Denise au Ventoux
Michel Jullien

Editions Verdier
litt francaise
janvier 2017
144 p.  16 €
ebook avec DRM 10,99 €
 
 
 
 La rédaction l'a lu

Chienne de vie

Le style de Michel Jullien est d’une richesse peu égalée dans le paysage littéraire contemporain. Ici, entre humour et tragédie, il raconte la relation unissant un homme et un chien lors d’un périple qui n’aboutira à rien de moins qu’à l’expérience d’une révélation.

Une fausse simplicité

Denise, c’est le nom du bouvier bernois qui a jeté son dévolu sur Paul, employé de banque parisien. Paul a hérité provisoirement de la chienne après que sa maîtresse, la sœur dépressive d’une amie, s’en est séparée pour suivre un opportuniste néerlandais aux Etats-Unis.

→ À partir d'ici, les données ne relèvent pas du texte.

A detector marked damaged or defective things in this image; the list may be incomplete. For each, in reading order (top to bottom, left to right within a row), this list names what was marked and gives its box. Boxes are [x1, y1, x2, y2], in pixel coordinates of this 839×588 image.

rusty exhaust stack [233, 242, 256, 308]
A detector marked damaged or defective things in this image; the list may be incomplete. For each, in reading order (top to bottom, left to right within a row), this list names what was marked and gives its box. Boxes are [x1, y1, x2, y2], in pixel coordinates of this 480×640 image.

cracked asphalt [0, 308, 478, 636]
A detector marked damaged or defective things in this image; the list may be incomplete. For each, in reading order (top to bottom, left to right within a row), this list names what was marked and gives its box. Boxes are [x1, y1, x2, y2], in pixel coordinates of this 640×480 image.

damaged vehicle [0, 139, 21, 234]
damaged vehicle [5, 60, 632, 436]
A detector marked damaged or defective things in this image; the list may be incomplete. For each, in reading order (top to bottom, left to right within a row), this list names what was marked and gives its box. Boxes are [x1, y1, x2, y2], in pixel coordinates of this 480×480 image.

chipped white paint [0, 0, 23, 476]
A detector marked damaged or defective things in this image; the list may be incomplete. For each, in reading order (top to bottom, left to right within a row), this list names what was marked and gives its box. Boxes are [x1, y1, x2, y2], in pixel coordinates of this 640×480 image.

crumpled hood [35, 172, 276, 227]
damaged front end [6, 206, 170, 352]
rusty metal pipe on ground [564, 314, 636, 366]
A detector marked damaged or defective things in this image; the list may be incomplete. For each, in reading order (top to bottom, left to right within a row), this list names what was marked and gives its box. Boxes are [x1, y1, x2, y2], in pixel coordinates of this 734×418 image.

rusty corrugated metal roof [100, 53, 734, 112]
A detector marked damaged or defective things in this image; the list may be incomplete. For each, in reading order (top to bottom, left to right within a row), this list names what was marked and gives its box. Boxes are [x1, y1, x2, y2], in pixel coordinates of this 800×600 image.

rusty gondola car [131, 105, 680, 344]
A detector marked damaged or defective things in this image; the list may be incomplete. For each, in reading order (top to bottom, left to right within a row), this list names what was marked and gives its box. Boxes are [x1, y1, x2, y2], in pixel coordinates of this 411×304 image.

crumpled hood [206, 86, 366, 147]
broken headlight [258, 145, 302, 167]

Avant le retour de la jeune femme, Paul profite d’un long week-end pour aller randonner sur le mont Ventoux avec Denise, qui souffre de « couardise urbaine ». L’intrigue paraît simple, mais détrompez-vous, elle est tout entière dans les détails. La partie parisienne du roman est férocement comique, parfois franchement burlesque, avec ce personnage hollandais spécialisé entre autres dans le commerce de trèfles à quatre feuilles. Et c’est peu dire que le chien de 43 kilos détonne sur les trottoirs lors des promenades rituelles, entre lesquelles il guette le bruit de la clé dans la serrure d’une chambre de bonne à peine plus grande qu’une niche. Davantage à la mesure de son gabarit, le mont Chauve offre son espace à l’ascension. Dans cette géographie à perte de soi, au milieu de la solitude du massif vauclusien, Paul ne décidera pas cette fois de l’itinéraire ni de la durée de la balade ; entre chemins pierreux et ravins, on grimpe, on glisse et on oublie le temps. La tragédie peut commencer.

Quelque chose de grand

Michel Jullien ne dévoile pas tout de suite son jeu, aimant nous semer dans les chemins de traverse, poser des jalons dont on comprend, à la toute fin, qu’ils étaient précieux pour se hisser au faîte du mystère. Peu à peu, le récit se dépouille, âpre et sec, laissant apparaître l’essentiel d’une réalité détachée de tout, dans un hors-temps où le mouvement s’arrête et la contemplation advient. Ce roman délicat à deux versants, écrit dans une langue travaillée en profondeur, nous relie à l’ordre des choses grâce à l’amour sans partage de cette pauvre bête de Denise, guide des sommets splendides.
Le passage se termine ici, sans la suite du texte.